REPUBLIKA.CO.ID, SURABAYA -- Indonesia idealnya membutuhkan 200.000 peneliti di berbagai bidang untuk bisa mengejar ketertinggalan kemajuan teknologi dari negara lain.
Hal ini diungkapkan Kepala Lembaga Ilmu Pengetahuan Indonesia Lukman Hakim saat membuka seminar ilmiah, temu industri dan pameran "Annual Meeting on Testing and Quality" (AmTeQ) di Universitas Airlangga, Rabu (23/10).
"Sekarang ini jumlah peneliti yang ada di Indonesia masih kecil dan tidak seimbang dengan jumlah pendudukn" kata Lukman Hakim.
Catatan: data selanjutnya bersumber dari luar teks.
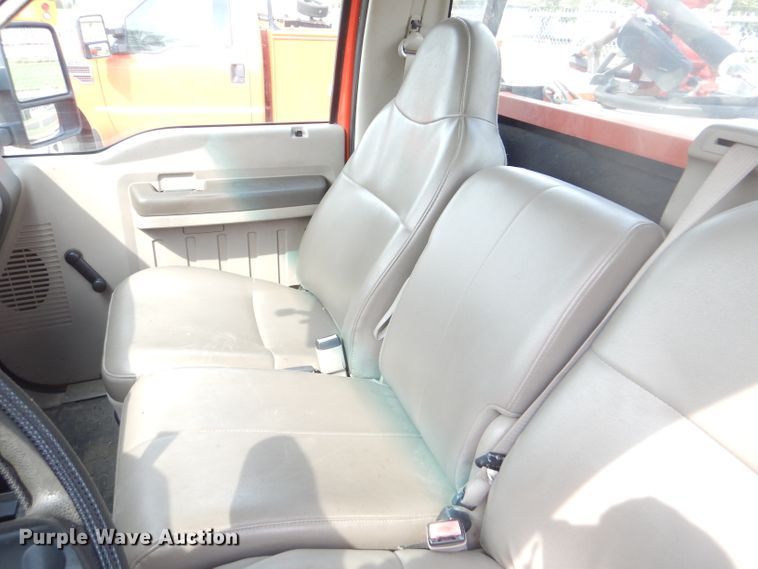 image for item DB4975 2008 Ford F250 Super Duty utility bed pickup truck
Menurutnya, saat ini sumber daya manusia ilmu dan pengetahuan, khususnya peneliti Indonesia yang terdaftar di LIPI sebanyak 8.000 orang dan 16.000 peneliti bekerja di perguruan tinggi.
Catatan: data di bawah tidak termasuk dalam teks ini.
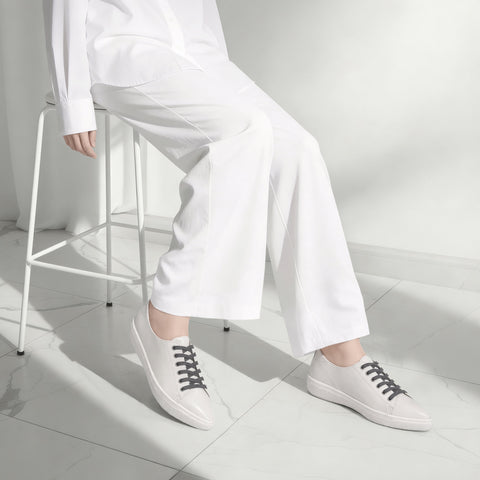 2026SSBI：ポインテッドトゥ レースアップ スニーカー（m1001）ホワイトグレー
Sedangkan peneliti yang berada dibawah naungan institusi swasta, dia mengatakan, belum dapat dipastikan jumlahnya.
Lukman menilai jumlah peneliti tersebut tentu saja terlalu kecil dibandingkan dengan jumlah penduduk Indonesia yang mendekati 240 juta jiwa.
Dia memberi contoh, Belarusia sebuah negara kecil di Eropa saja memiliki 36 peneliti per 10.000 penduduk, sementara Indonesia masih pada komposisi satu peneliti per 10.000 penduduk.
Dikatakan pula, padahal ilmu pengetahuan selama ini dipercaya sebagai tulang punggung negara maju untuk memenangkan persaingan, baik ekonomi maupun politik.
"Negara-negara maju menyadari peran penelitian ilmu pengetahuan dalam mengembangkan daya saing industri untuk pertumbuhan ekonominya," katanya.
Salah satu peneliti LIPI menyatakan Indonesia saat ini masih menjadi "raksasa sedang tidur", meski dari sisi PDB sudah masuk dalam 16 besr dunia, bahkan 25 tahun lagi masuk 10 besar kekuatan ekonomi dunia.
Namun tekad itu tetap sebatas impian apabila tidak diikuti kemampuan riset dan teknologi, serta pembiayaan riset yang memadai.
"Oleh sebab itu jumlah peneliti harus diperbanyak karena dengan jumlah peneliti yang masih sedikit sekarang ini dinilai tidak wajar," kata dia.